Your Columns
Jo Parfitt: May 2011 - Limbering up
The Hague Online's 'Writer in Residence' Jo Parfitt is musing about . . .
Limbering up
May column 2011
I have always wanted to sing. Yet I have no confidence in my ability, fear ridicule and dare not sing in public, though I long to do so. My husband is a musician and I have no reason not to ask him to accompany me, but, blocked by my own fear of failure I never ask him. I have become very good at sabotaging my dream!
Then, last Saturday I was invited to join a special evening, led by Dru yoga teacher and music therapist, Jolanda Jonker, in which those invited would chant mantras in Sanskrit with the goal of helping world peace. The event was the brainchild of yoga teacher, Maggie Sanderson, who also teaches at Dru in Scheveningen, and was held to support the humanitarian work of World Peace Flame.
I was apprehensive about going. I have no experience of chanting. Little experience of mantras and am nervous about singing in public. However, I find singing in unison much less threatening than singing alone. Maggie is a friend and her goal of singing for peace appealed to me. I was not busy that evening and had no excuses not to go.
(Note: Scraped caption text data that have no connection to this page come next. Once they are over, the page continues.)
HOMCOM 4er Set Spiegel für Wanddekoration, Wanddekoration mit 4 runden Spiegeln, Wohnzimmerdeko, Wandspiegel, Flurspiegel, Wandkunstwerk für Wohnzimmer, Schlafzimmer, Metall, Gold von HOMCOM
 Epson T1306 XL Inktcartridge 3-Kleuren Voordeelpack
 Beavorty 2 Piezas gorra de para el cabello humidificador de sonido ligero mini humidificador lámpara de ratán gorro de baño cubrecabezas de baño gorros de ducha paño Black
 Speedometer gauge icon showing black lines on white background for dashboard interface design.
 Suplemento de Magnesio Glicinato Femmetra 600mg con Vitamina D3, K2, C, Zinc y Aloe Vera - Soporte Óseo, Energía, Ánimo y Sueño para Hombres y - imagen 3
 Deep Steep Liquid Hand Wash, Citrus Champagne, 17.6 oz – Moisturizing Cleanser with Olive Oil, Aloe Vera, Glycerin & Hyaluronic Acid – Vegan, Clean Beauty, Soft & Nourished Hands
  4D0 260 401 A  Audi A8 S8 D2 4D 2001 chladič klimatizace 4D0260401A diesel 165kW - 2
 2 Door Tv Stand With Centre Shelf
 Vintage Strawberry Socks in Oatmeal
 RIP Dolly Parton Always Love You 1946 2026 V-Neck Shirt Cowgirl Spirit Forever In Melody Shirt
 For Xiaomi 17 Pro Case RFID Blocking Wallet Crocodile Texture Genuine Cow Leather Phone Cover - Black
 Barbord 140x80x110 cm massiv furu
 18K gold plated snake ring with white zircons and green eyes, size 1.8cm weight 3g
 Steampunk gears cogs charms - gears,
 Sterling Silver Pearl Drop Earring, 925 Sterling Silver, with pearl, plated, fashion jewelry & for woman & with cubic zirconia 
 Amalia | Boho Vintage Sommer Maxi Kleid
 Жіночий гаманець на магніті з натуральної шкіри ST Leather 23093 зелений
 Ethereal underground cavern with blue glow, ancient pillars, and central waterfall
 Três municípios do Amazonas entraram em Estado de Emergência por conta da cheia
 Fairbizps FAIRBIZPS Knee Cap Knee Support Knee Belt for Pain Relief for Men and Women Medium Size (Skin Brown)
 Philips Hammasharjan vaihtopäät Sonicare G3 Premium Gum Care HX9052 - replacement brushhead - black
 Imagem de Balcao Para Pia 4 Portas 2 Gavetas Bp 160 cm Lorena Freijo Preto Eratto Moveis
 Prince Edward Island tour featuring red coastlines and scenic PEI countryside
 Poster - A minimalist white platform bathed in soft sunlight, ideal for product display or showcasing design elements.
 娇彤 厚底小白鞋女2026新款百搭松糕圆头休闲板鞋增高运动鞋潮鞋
When we entered Maggie’s sitting room, many of the other guests were sitting cross-legged on the floor. I am rubbish at sitting on the floor, and was glad to be offered a chair. Jolanda sat in front of us all with an Indian instrument that looked like a kind of sideways accordion on her lap. Maggie handed us a sheet that contained the words we would be chanting and soon we were off. Jolanda would sing a line, and we would repeat it. In the safe hands of an expert we dared to sing and soon settled into the experience. We chanted nine mantras in two hours. Over and over. Jolanda has a beautiful voice and soon we were all growing in confidence and singing louder and louder.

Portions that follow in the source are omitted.